The tokenizer class you load from this checkpoint is not the same type as the class this function is called from. It may result in unexpected tokenization. 
The tokenizer class you load from this checkpoint is 'DPRQuestionEncoderTokenizer'. 
The class this function is called from is 'DPRContextEncoderTokenizerFast'.


In [53]:
document_store.update_embeddings(retriever=retriever)

Updating Embedding:   0%|          | 0/1204 [00:00<?, ? docs/s]

Create embeddings:   0%|          | 0/1216 [00:00<?, ? Docs/s]

Now that we've fully prepared our document store, we can save it. We will save to the same location we saved our SQLite database, but this time we will be using the *.faiss* filetype.

In [54]:
document_store.save(f'{path}/squad_dev.faiss')

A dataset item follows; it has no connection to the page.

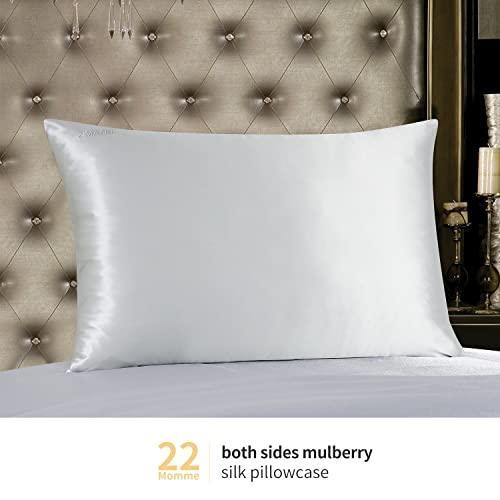 ZIMASILK 22 Momme 100% Pure Mulberry Silk Pillowcase for Hair and Skin - Upgraded Real Grade 6A Silk - Durable, Soft & Anti-Aging (Standard 20''x26''Light Grey) - SHOP NO2CO2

Our FAISS index is now saved to file! We'll go ahead and delete the `document_store` and `retriever`, and try reinitializing both using the data we've saved to file.

In [55]:
del document_store, retriever

All we do now is apply the `load` method directly from `FAISSDocumentStore`, including both the FAISS index location, and SQLite database location:

In [60]:
# document_store = FAISSDocumentStore.load(f'{path}/squad_dev.faiss', f'sqlite:///{path}/squad_dev.db')

document_store = FAISSDocumentStore(f'{path}/squad_dev.faiss', f'sqlite:///{path}/squad_dev.db')

TypeError: Wrong number or type of arguments for overloaded function 'index_factory'.
  Possible C/C++ prototypes are:
    faiss::index_factory(int,char const *,faiss::MetricType)
    faiss::index_factory(int,char const *)


And now we can re-initialize our retriever, using the same arguments as before.

In [None]:
retriever = DensePassageRetriever(
    document_store=document_store,
    query_embedding_model='facebook/dpr-question_encoder-single-nq-base',
    passage_embedding_model='facebook/dpr-ctx_encoder-single-nq-base',
    use_gpu=True,
    embed_title=True
)

Finally, we can begin retrieving relevant contexts to our questions using `retriever.retrieve`, which requires a single argument, `query`.

In [None]:
retriever.retrieve('What subject is most abstract?')

And now we've extracted a few contexts stored within FAISS, that our DPR model believes answers our query.